------ PROVIDED DATA ------

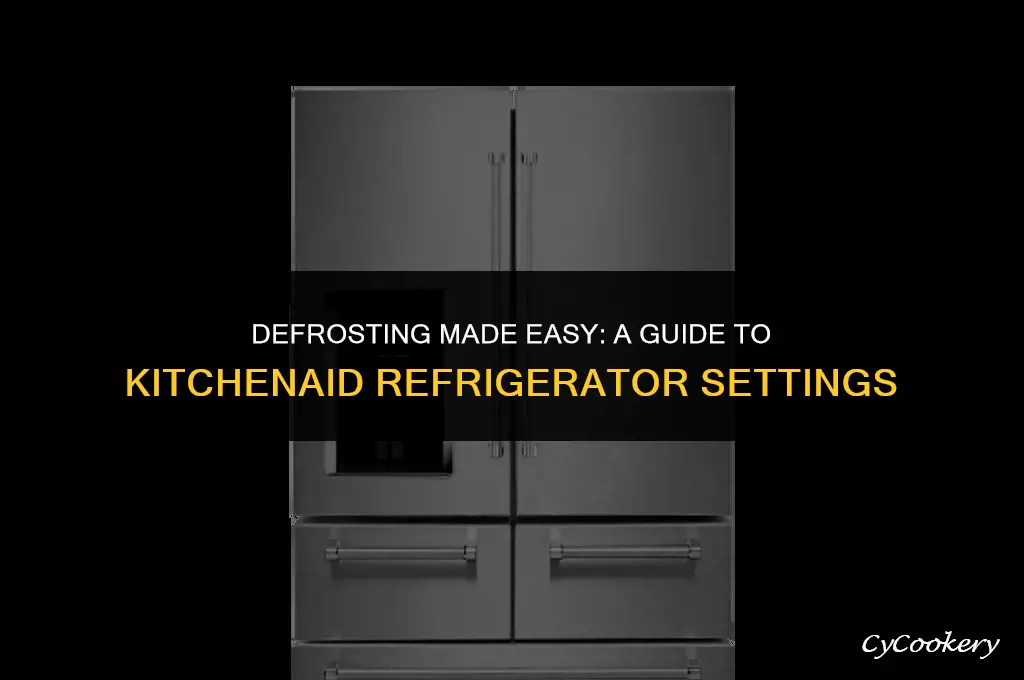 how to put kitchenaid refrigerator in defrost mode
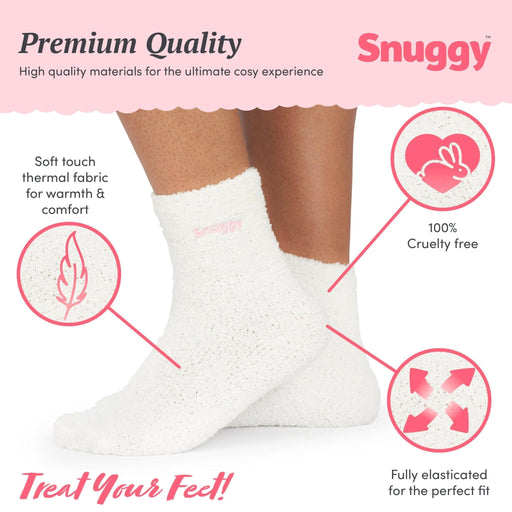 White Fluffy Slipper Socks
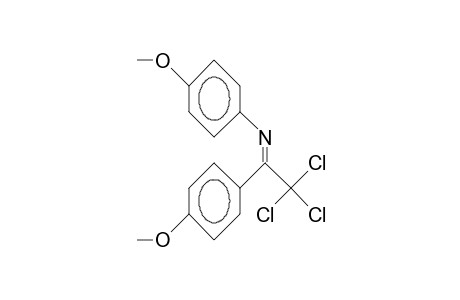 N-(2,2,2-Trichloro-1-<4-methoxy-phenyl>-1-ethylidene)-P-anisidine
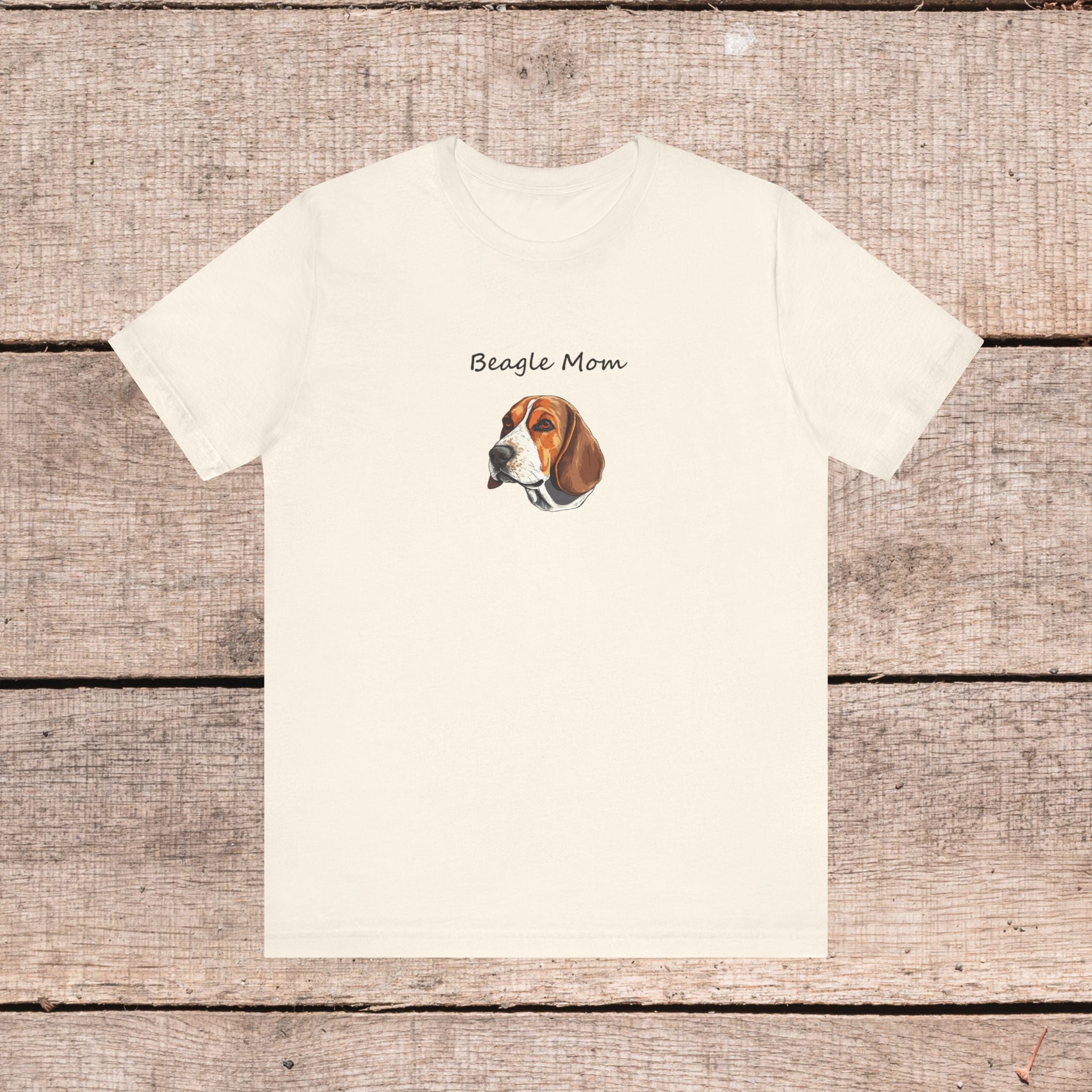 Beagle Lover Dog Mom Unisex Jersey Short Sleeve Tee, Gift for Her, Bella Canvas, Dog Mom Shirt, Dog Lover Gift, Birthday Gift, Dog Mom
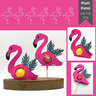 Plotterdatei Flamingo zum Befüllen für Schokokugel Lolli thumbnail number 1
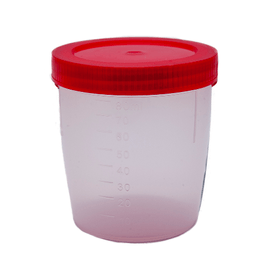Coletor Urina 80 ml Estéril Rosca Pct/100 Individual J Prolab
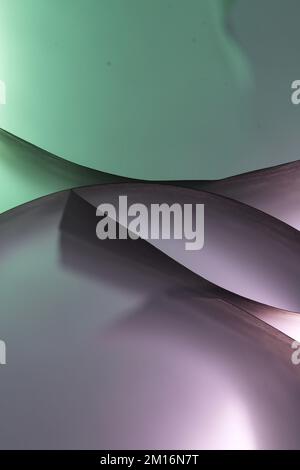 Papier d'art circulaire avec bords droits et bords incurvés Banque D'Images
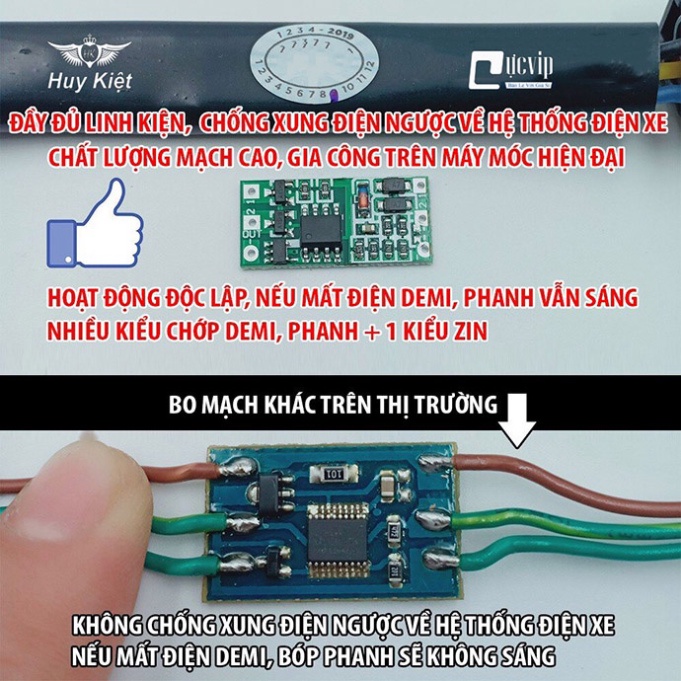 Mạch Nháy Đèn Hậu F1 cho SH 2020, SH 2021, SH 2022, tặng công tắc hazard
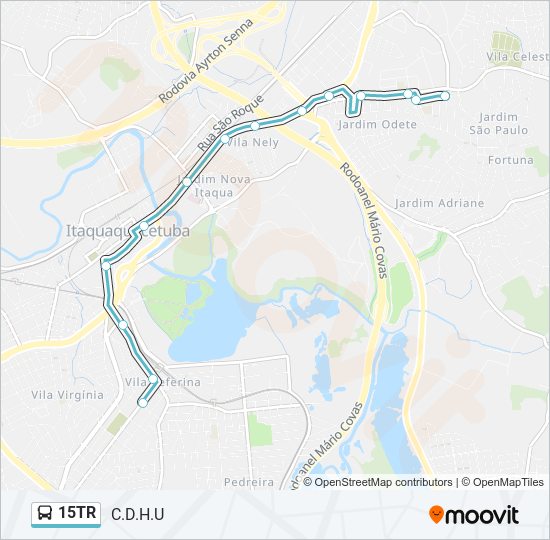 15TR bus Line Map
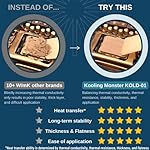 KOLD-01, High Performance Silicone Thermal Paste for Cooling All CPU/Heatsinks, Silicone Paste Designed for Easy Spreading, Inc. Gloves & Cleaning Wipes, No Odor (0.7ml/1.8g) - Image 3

------
------ PROVIDED DATA ------

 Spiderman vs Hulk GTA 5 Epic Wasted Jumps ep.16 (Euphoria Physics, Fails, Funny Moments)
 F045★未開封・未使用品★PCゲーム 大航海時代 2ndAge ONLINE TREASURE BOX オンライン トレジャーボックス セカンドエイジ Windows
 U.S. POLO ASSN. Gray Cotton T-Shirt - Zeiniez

------

EXERCISE BRIEF:
The copy should hold only the lines from the one with "how to put kitchenaid" through the one with "Papier d'art circulaire", exactly as they stand above. Leave out the pictures.

EXERCISE ANSWER:
 how to put kitchenaid refrigerator in defrost mode
 White Fluffy Slipper Socks
 N-(2,2,2-Trichloro-1-<4-methoxy-phenyl>-1-ethylidene)-P-anisidine
 Beagle Lover Dog Mom Unisex Jersey Short Sleeve Tee, Gift for Her, Bella Canvas, Dog Mom Shirt, Dog Lover Gift, Birthday Gift, Dog Mom
 Plotterdatei Flamingo zum Befüllen für Schokokugel Lolli thumbnail number 1
Coletor Urina 80 ml Estéril Rosca Pct/100 Individual J Prolab
 Papier d'art circulaire avec bords droits et bords incurvés Banque D'Images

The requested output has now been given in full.